Objetos da Mostra 'Material, a Memória Feminina do Gulag', da Memorial International
Vestido exposto na mostra 'Material, a Memória Feminina do Gulag', da Memorial International - Anatassia Boutsko/DW

Em 1988, Sherbakova foi uma das criadoras da Fundação Memorial. "Nenhum de nós pensava então que a história de nosso país, de nossa sociedade, tomaria tal rumo", diz, em referência à dissolução da entidade. Ela vê as razões da situação atual, de "quase absoluta falta de liberdade", no fato de que nunca se lidou com os crimes da era Stálin.

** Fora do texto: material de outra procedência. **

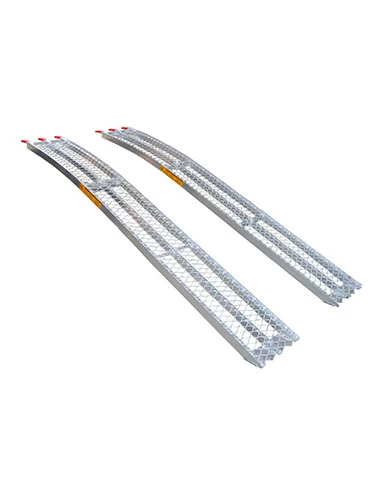 Jeu de 2 rampes courbées alu L: 226cm L: 30 cm, profil antidérapant d'une capacité maximum de 680kg/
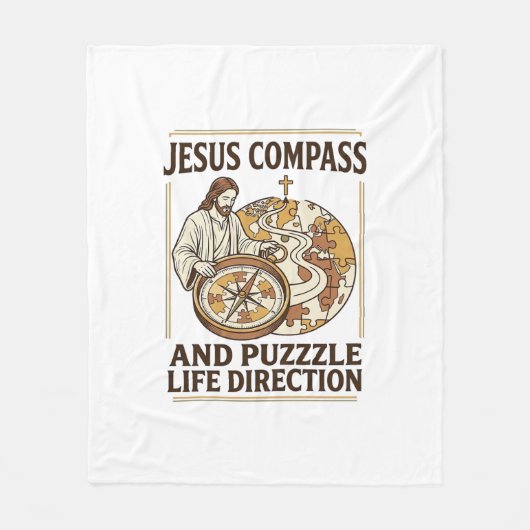 Jesus Kompas En Puzzel Levensrichting Jezus Comp Fleece Deken (Voorkant)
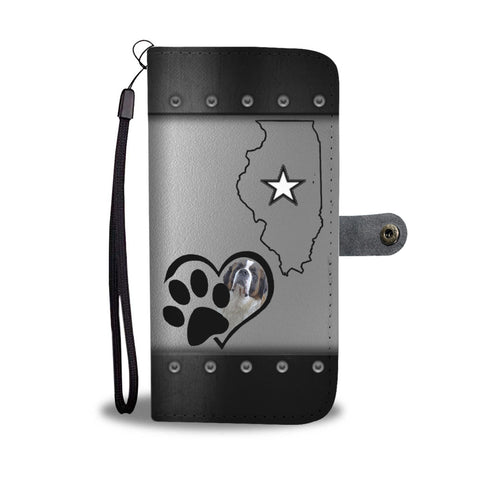 Saint Bernard Dog Print Wallet CaseIL State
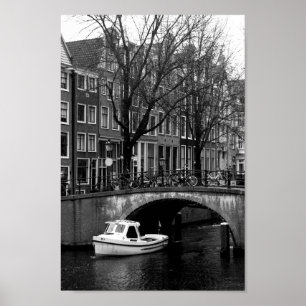 Affiche Photo noir et blanc du canal d'Amsterdam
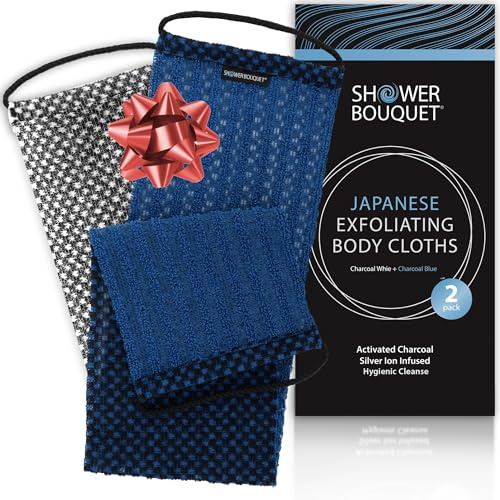 Japanese Exfoliating Washcloth for Back & Body 2-Pack - Charcoal & Silver Ion Exfoliating Towel with Handles - Two-Sided Gentle Exfoliation & Deep Cleanse Body Wash Cloths for Shower - 1 White, 1 Blue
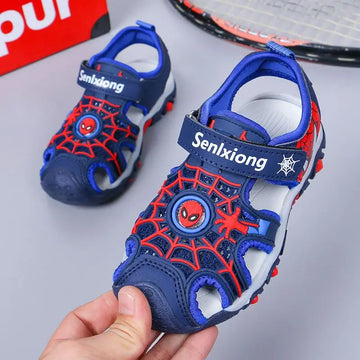 Kindersandalen Heren Zomersandalen Studenten Open Peep Toe Cartoon Strand Antislip Zachte Zool Zwart Blauwe Schoenen Maat 26-35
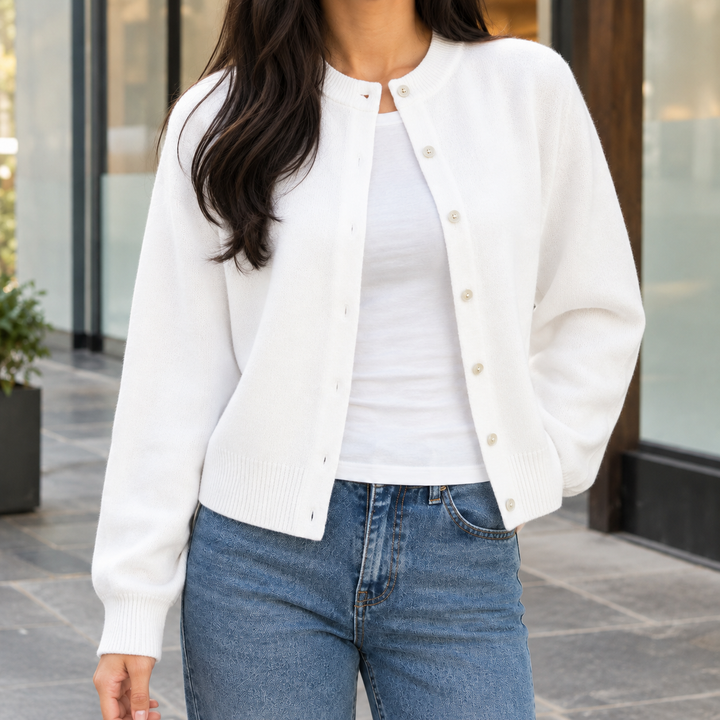 Kerensa - Women's crew neck cardigan in White – front view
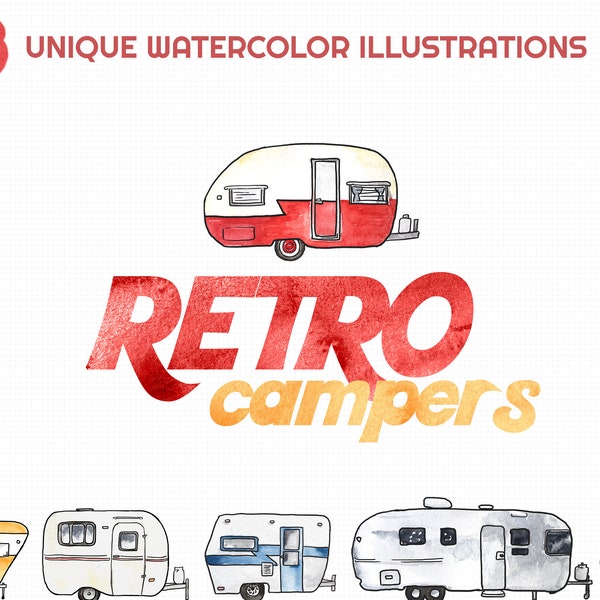 Vintage Retro Camper Watercolor Illustration Clipart Digital Download Pack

"Até hoje, nossa sociedade está marcada pelo terror de Stálin: medo das autoridades, padrões duplos de acordo com o princípio 'pensar uma coisa, dizer outra, fazer uma terceira', encapsulamento em uma 'camada protetora' privada, desinteresse por tudo o que é social —tudo isso é o legado do terror", diz.

Repetidamente, o Judiciário russo acusou a Memorial International de violar uma lei de 2012 que permite ao país classificar as organizações que recebem pagamentos do exterior como "agentes estrangeiros". A Memorial é considerada um "agente estrangeiro" na Rússia desde 2016 porque é parcialmente financiada a partir do exterior. Por isso, um tribunal de Moscou decidiu proibir a organização de direitos humanos.

Para Sherbakova, a decisão não foi surpresa: "Somos os guardiões da memória daquela parte da história que o Estado russo preferiria esquecer, pois só quer lembrar suas conquistas e vitórias".

De qualquer modo, a historiadora quer continuar seu trabalho. Como fará isso, ainda não está claro.